Data Block Start

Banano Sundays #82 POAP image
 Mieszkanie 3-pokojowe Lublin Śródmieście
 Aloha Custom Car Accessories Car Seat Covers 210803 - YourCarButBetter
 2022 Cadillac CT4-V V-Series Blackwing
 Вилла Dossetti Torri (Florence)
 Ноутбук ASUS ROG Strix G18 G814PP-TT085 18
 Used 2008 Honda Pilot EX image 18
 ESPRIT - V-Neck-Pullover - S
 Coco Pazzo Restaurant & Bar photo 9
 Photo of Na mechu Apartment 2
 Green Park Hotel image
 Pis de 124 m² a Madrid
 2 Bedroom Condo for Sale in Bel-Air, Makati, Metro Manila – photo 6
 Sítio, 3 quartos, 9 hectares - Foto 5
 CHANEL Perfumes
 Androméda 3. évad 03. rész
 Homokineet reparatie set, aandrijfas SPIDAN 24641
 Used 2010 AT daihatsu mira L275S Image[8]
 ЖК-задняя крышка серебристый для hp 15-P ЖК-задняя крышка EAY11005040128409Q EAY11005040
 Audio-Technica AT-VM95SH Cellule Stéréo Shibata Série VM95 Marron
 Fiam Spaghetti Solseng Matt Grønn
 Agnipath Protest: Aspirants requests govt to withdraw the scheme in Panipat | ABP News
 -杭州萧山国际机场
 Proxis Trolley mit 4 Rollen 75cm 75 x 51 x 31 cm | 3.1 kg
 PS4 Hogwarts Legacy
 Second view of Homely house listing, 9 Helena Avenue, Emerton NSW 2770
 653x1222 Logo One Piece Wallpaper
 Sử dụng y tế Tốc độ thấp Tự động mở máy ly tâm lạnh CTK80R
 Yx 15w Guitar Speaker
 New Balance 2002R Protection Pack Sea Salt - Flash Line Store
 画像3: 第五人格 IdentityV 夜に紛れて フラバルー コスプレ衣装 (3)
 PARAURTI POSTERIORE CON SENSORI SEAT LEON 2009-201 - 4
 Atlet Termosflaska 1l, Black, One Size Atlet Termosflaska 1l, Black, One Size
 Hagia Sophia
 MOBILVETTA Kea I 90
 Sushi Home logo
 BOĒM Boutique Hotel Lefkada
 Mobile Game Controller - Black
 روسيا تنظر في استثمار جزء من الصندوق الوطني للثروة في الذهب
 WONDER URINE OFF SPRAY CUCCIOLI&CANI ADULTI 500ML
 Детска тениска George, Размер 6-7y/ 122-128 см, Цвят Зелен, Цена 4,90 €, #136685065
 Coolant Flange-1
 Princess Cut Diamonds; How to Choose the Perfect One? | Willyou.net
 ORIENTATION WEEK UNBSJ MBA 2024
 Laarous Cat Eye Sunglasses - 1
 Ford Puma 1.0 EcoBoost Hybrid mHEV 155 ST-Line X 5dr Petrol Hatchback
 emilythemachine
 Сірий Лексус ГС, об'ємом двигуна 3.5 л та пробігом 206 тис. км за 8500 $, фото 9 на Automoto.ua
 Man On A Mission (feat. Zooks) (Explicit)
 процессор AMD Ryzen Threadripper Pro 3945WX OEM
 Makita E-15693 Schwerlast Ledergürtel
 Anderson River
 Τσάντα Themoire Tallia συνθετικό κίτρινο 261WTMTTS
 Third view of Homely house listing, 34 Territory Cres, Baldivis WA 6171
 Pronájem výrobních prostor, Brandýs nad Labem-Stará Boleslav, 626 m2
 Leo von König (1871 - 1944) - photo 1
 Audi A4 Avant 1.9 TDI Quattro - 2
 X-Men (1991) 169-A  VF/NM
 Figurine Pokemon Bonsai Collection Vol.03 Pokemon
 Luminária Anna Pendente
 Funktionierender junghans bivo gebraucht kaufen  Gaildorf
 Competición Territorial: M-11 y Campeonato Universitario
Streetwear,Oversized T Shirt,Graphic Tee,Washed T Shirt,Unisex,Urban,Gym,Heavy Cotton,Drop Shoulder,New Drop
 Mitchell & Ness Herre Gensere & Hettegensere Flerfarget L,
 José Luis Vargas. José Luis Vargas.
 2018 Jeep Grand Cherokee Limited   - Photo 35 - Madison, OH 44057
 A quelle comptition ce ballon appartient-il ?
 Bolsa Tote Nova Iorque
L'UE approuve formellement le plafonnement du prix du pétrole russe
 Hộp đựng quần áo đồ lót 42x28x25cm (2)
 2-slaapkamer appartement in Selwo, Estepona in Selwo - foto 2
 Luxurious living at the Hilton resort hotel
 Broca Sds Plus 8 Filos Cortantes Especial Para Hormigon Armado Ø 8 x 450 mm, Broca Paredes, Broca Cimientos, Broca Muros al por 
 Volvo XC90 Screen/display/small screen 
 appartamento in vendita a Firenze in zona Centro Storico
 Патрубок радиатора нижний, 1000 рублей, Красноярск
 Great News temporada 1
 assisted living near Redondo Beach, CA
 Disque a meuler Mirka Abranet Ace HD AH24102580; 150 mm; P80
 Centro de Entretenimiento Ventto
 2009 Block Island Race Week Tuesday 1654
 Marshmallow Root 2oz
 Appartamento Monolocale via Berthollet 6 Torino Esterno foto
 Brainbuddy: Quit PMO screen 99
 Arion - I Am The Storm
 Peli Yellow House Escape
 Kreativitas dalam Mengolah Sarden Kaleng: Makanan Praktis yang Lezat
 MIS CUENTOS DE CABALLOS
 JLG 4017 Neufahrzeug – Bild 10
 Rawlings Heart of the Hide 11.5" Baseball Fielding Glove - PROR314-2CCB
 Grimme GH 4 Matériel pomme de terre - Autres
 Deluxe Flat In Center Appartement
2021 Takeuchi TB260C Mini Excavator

Data Block End

**Work instructions**
A verbatim copy of the records above should be returned.

**Solution below**
Banano Sundays #82 POAP image
 Mieszkanie 3-pokojowe Lublin Śródmieście
 Aloha Custom Car Accessories Car Seat Covers 210803 - YourCarButBetter
 2022 Cadillac CT4-V V-Series Blackwing
 Вилла Dossetti Torri (Florence)
 Ноутбук ASUS ROG Strix G18 G814PP-TT085 18
 Used 2008 Honda Pilot EX image 18
 ESPRIT - V-Neck-Pullover - S
 Coco Pazzo Restaurant & Bar photo 9
 Photo of Na mechu Apartment 2
 Green Park Hotel image
 Pis de 124 m² a Madrid
 2 Bedroom Condo for Sale in Bel-Air, Makati, Metro Manila – photo 6
 Sítio, 3 quartos, 9 hectares - Foto 5
 CHANEL Perfumes
 Androméda 3. évad 03. rész
 Homokineet reparatie set, aandrijfas SPIDAN 24641
 Used 2010 AT daihatsu mira L275S Image[8]
 ЖК-задняя крышка серебристый для hp 15-P ЖК-задняя крышка EAY11005040128409Q EAY11005040
 Audio-Technica AT-VM95SH Cellule Stéréo Shibata Série VM95 Marron
 Fiam Spaghetti Solseng Matt Grønn
 Agnipath Protest: Aspirants requests govt to withdraw the scheme in Panipat | ABP News
 -杭州萧山国际机场
 Proxis Trolley mit 4 Rollen 75cm 75 x 51 x 31 cm | 3.1 kg
 PS4 Hogwarts Legacy
 Second view of Homely house listing, 9 Helena Avenue, Emerton NSW 2770
 653x1222 Logo One Piece Wallpaper
 Sử dụng y tế Tốc độ thấp Tự động mở máy ly tâm lạnh CTK80R
 Yx 15w Guitar Speaker
 New Balance 2002R Protection Pack Sea Salt - Flash Line Store
 画像3: 第五人格 IdentityV 夜に紛れて フラバルー コスプレ衣装 (3)
 PARAURTI POSTERIORE CON SENSORI SEAT LEON 2009-201 - 4
 Atlet Termosflaska 1l, Black, One Size Atlet Termosflaska 1l, Black, One Size
 Hagia Sophia
 MOBILVETTA Kea I 90
 Sushi Home logo
 BOĒM Boutique Hotel Lefkada
 Mobile Game Controller - Black
 روسيا تنظر في استثمار جزء من الصندوق الوطني للثروة في الذهب
 WONDER URINE OFF SPRAY CUCCIOLI&CANI ADULTI 500ML
 Детска тениска George, Размер 6-7y/ 122-128 см, Цвят Зелен, Цена 4,90 €, #136685065
 Coolant Flange-1
 Princess Cut Diamonds; How to Choose the Perfect One? | Willyou.net
 ORIENTATION WEEK UNBSJ MBA 2024
 Laarous Cat Eye Sunglasses - 1
 Ford Puma 1.0 EcoBoost Hybrid mHEV 155 ST-Line X 5dr Petrol Hatchback
 emilythemachine
 Сірий Лексус ГС, об'ємом двигуна 3.5 л та пробігом 206 тис. км за 8500 $, фото 9 на Automoto.ua
 Man On A Mission (feat. Zooks) (Explicit)
 процессор AMD Ryzen Threadripper Pro 3945WX OEM
 Makita E-15693 Schwerlast Ledergürtel
 Anderson River
 Τσάντα Themoire Tallia συνθετικό κίτρινο 261WTMTTS
 Third view of Homely house listing, 34 Territory Cres, Baldivis WA 6171
 Pronájem výrobních prostor, Brandýs nad Labem-Stará Boleslav, 626 m2
 Leo von König (1871 - 1944) - photo 1
 Audi A4 Avant 1.9 TDI Quattro - 2
 X-Men (1991) 169-A  VF/NM
 Figurine Pokemon Bonsai Collection Vol.03 Pokemon
 Luminária Anna Pendente
 Funktionierender junghans bivo gebraucht kaufen  Gaildorf
 Competición Territorial: M-11 y Campeonato Universitario
Streetwear,Oversized T Shirt,Graphic Tee,Washed T Shirt,Unisex,Urban,Gym,Heavy Cotton,Drop Shoulder,New Drop
 Mitchell & Ness Herre Gensere & Hettegensere Flerfarget L,
 José Luis Vargas. José Luis Vargas.
 2018 Jeep Grand Cherokee Limited   - Photo 35 - Madison, OH 44057
 A quelle comptition ce ballon appartient-il ?
 Bolsa Tote Nova Iorque
L'UE approuve formellement le plafonnement du prix du pétrole russe
 Hộp đựng quần áo đồ lót 42x28x25cm (2)
 2-slaapkamer appartement in Selwo, Estepona in Selwo - foto 2
 Luxurious living at the Hilton resort hotel
 Broca Sds Plus 8 Filos Cortantes Especial Para Hormigon Armado Ø 8 x 450 mm, Broca Paredes, Broca Cimientos, Broca Muros al por 
 Volvo XC90 Screen/display/small screen 
 appartamento in vendita a Firenze in zona Centro Storico
 Патрубок радиатора нижний, 1000 рублей, Красноярск
 Great News temporada 1
 assisted living near Redondo Beach, CA
 Disque a meuler Mirka Abranet Ace HD AH24102580; 150 mm; P80
 Centro de Entretenimiento Ventto
 2009 Block Island Race Week Tuesday 1654
 Marshmallow Root 2oz
 Appartamento Monolocale via Berthollet 6 Torino Esterno foto
 Brainbuddy: Quit PMO screen 99
 Arion - I Am The Storm
 Peli Yellow House Escape
 Kreativitas dalam Mengolah Sarden Kaleng: Makanan Praktis yang Lezat
 MIS CUENTOS DE CABALLOS
 JLG 4017 Neufahrzeug – Bild 10
 Rawlings Heart of the Hide 11.5" Baseball Fielding Glove - PROR314-2CCB
 Grimme GH 4 Matériel pomme de terre - Autres
 Deluxe Flat In Center Appartement
2021 Takeuchi TB260C Mini Excavator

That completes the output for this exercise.